An Ohio magistrate gave Mark Byron a difficult choice: Go to jail, or post a long-winded public Facebook apology to his estranged wife -- every day, for the next 30 days.

"It's outlandish," Byron told The Cincinnati Enquirer. "I'm afraid to do anything. People are even fearful that Facebook can be regulated by a judge."

But a judge affirmed the magistrate's ruling, and found the Facebook apology fitting in Byron's case. Byron had blasted his wife in an earlier rant on Facebook, which violated a restraining order, the judge ruled.

Mark Byron, frustrated by divorce and child-custody proceedings, lashed out in a Facebook post in November. The post read in part:

"[I]f you are an evil, vindictive woman who wants to ruin your husband's life and take your son's father away from him completely -- all you need to do is say that you're scared of your husband..."

Byron's post, and comments by his friends, made estranged wife Elizabeth Byron feel "afraid," court documents state, according to the Enquirer. The post violated a restraining order that barred Mark from causing his wife "mental abuse, harassment, [or] annoyance," the court found.

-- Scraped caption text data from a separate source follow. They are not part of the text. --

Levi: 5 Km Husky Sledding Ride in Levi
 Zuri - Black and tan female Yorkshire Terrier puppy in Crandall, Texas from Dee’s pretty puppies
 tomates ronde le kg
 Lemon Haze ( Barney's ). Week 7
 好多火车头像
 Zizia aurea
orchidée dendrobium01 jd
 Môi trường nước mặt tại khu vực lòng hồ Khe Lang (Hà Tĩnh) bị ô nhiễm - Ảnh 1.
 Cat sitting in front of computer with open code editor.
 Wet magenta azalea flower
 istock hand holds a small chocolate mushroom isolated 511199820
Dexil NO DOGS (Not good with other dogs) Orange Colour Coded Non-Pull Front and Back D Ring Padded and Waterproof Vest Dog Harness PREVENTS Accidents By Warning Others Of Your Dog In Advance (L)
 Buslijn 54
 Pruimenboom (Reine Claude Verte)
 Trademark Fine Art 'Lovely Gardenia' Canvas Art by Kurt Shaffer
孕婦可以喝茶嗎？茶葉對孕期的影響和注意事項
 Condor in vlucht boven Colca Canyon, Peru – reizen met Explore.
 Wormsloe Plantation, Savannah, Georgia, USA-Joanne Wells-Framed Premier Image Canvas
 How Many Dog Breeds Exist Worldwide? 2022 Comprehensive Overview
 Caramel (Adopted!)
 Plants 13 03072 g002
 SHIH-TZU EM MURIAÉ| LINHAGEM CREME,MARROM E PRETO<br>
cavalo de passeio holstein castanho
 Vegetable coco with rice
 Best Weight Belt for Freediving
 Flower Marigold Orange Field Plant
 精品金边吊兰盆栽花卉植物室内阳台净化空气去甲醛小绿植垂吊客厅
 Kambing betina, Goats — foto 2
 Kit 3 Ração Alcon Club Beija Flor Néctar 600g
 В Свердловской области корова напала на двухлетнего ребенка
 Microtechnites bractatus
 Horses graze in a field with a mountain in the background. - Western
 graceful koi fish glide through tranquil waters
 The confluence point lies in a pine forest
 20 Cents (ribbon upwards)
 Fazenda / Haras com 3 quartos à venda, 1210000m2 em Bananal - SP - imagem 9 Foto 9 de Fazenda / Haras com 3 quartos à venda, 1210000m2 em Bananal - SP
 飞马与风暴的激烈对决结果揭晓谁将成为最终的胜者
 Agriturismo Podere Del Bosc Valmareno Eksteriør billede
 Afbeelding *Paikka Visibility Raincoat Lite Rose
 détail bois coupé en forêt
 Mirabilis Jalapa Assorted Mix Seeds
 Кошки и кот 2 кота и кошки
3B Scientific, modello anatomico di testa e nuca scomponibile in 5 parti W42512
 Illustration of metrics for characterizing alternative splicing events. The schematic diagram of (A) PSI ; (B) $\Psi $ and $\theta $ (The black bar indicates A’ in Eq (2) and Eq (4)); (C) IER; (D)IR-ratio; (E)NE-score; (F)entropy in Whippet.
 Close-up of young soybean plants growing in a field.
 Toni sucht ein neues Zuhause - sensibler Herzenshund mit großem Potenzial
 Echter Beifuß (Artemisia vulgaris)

Critics say the court-ordered Facebook apology flies in the face of the First Amendment, because it's court-compelled speech. Further, Mark Byron had blocked his wife from viewing his Facebook page -- meaning, she somehow found a work-around to see it.

"She wasn't harassed, because she deliberately sought this out," an attorney with the Electronic Frontier Foundation opined in the Enquirer.

Regardless, Mark Byron is complying with the court's order, and has posted the court-approved Facebook apology every day since the ruling. The five-paragraph apology is more than 200 words long, and can be seen at Mark Byron's Facebook page.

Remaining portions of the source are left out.